Nearly two years after NSA contractor Edward Snowden leaked thousands of pages of documents about highly classified government surveillance programs to journalists, intelligence officials continue to claim that his disclosures have caused grave damage to national security.
“It has had a material impact on our ability to generate insights as to what terrorist groups around the world are doing,” NSA Director Michael Rogers said of Snowden’s leaks at a conference Monday. “Anyone who thinks this has not had an impact… doesn’t know what they are talking about.”
But neither Rogers nor any other US government official has supported their catastrophic assessments with specific details about the damage Snowden allegedly caused. They say doing so would erode relations between the US and its allies, and reveal details about the US government’s intelligence collection activities, which remain classified.
In response to a Freedom of Information Act (FOIA) lawsuit, the Defense Intelligence Agency (DIA) recently released to VICE News more than 100 pages of internal reports prepared by a task force made up of two dozen DIA analysts that examined the alleged damage to national security resulting from Snowden’s leaks.

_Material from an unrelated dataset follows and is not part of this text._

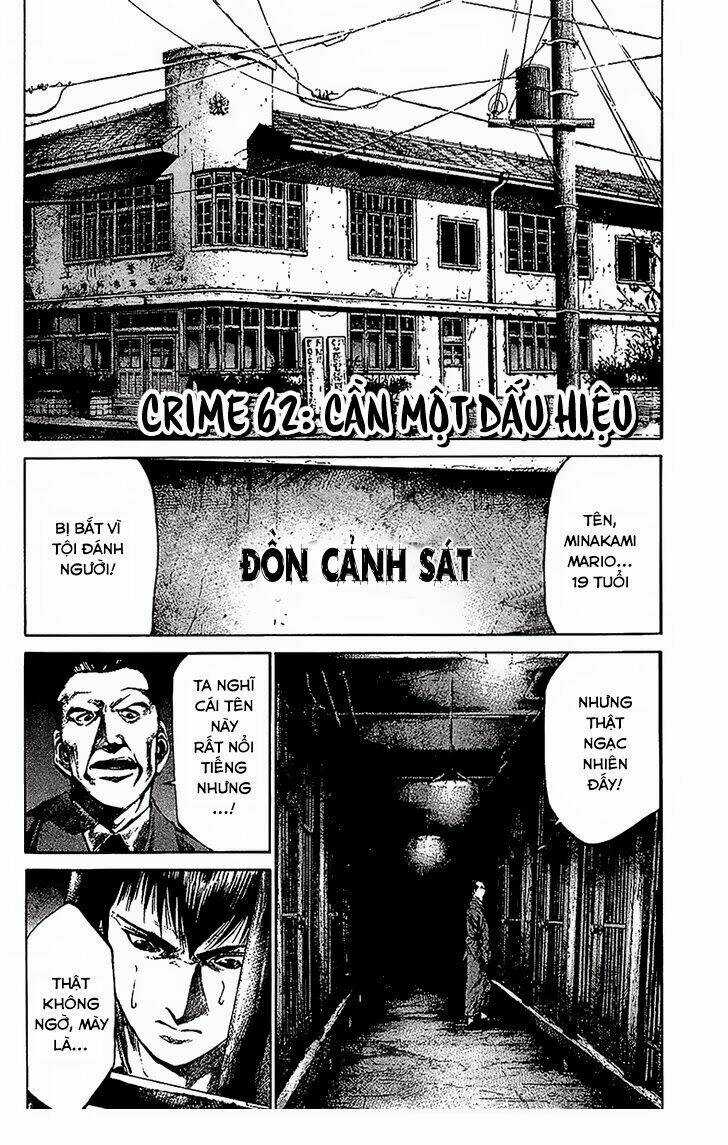 Rainbow Chapter 62 trang 1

But with the exception of some subheadings, the DIA redacted every page of its internal assessments.
Some of the DIA’s redacted documents provided to VICE News in response to a FOIA lawsuit. (Additional documents below)

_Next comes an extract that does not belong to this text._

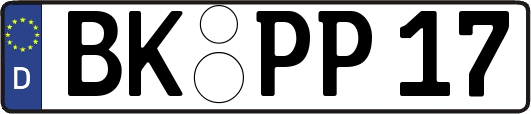 BK-PP17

Those subheadings included “assessment,” “talking points,” “compromised information,” “background” and “recommendations.” The reports, drafted between September 2013 and April 2014, were used by the “leadership” of the Department of Defense (DOD) to “mitigate the harm caused to national security,” according to a declaration signed by the head of DIA’s FOIA office, Aleysia Williams.
“The Task Force is evaluating how the disclosure of certain classified information exposes Intelligence Community sources and methods,” Williams said, noting that if the agency were forced to disclose any of the substantive information contained in the 112 documents that make up the reports, the results would be disastrous.

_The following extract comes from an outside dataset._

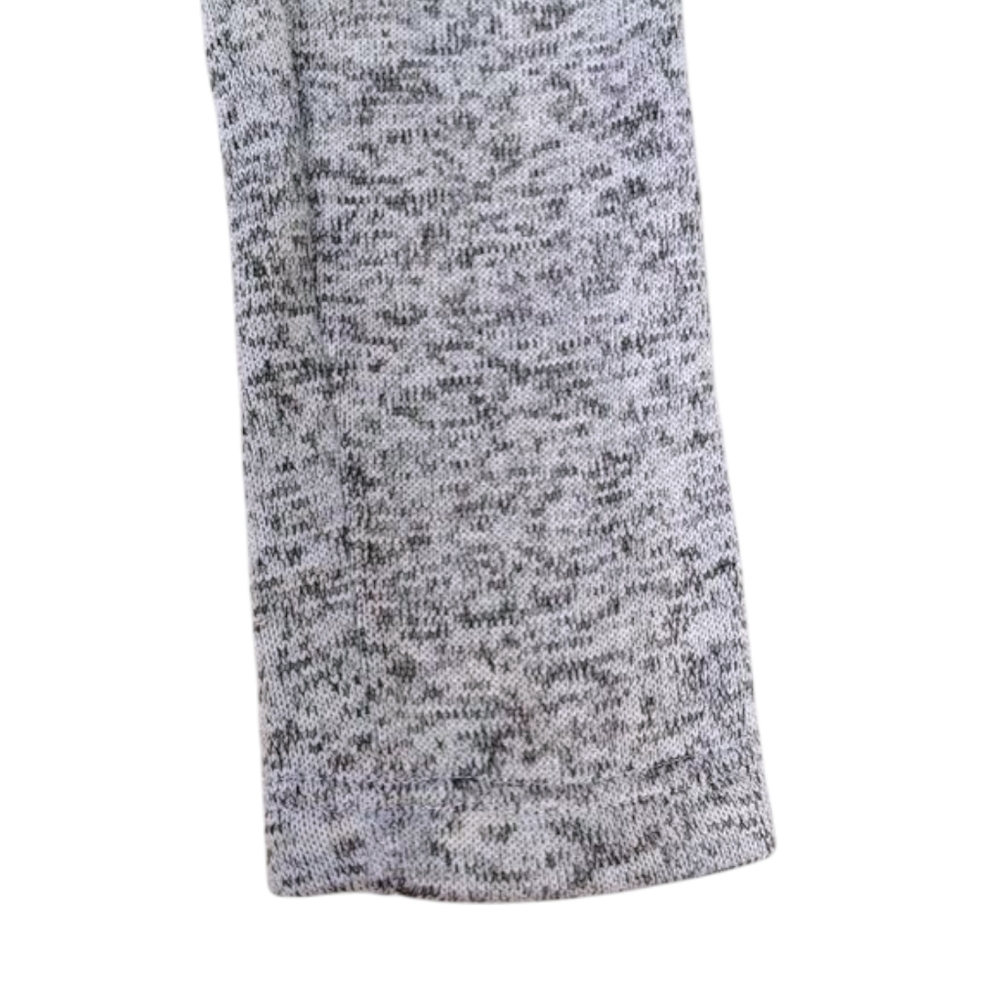 Kyodan Women's Light Gray Marled Pullover Sweater Size Large - Picture 5 of 11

She added that the task force reports are “compartmentalized” and only accessible to task force members, who must sign a nondisclosure agreement and “agree to additional security in order to access the records for mission purposes.” Williams’ declaration was filed in US District Court in Washington, DC, where the government is arguing that VICE News’s FOIA lawsuit seeking documents related to the Snowden damage should be dismissed.
The DIA, which provides military intelligence to the DOD, summarized the task force’s work in a 39-page report dated December 18, 2013 and titled “DoD Information Review Task Force-2: Initial Assessment, Impacts Resulting from the Compromise of Classified Material by a Former NSA Contractor.” I obtained a copy of the heavily redacted report last year, which concluded that “the scope of the compromised knowledge related to US intelligence capabilities is staggering.”
But explicit details about the alleged damage Snowden caused, identified in the 39-page report as “grave,” were omitted from that document as well. In fact, the existence of the DIA’s report had been unknown until the White House secretly authorized the declassification of select portions of it so two Republican lawmakers could undercut the media narrative painting Snowden as a heroic whistleblower.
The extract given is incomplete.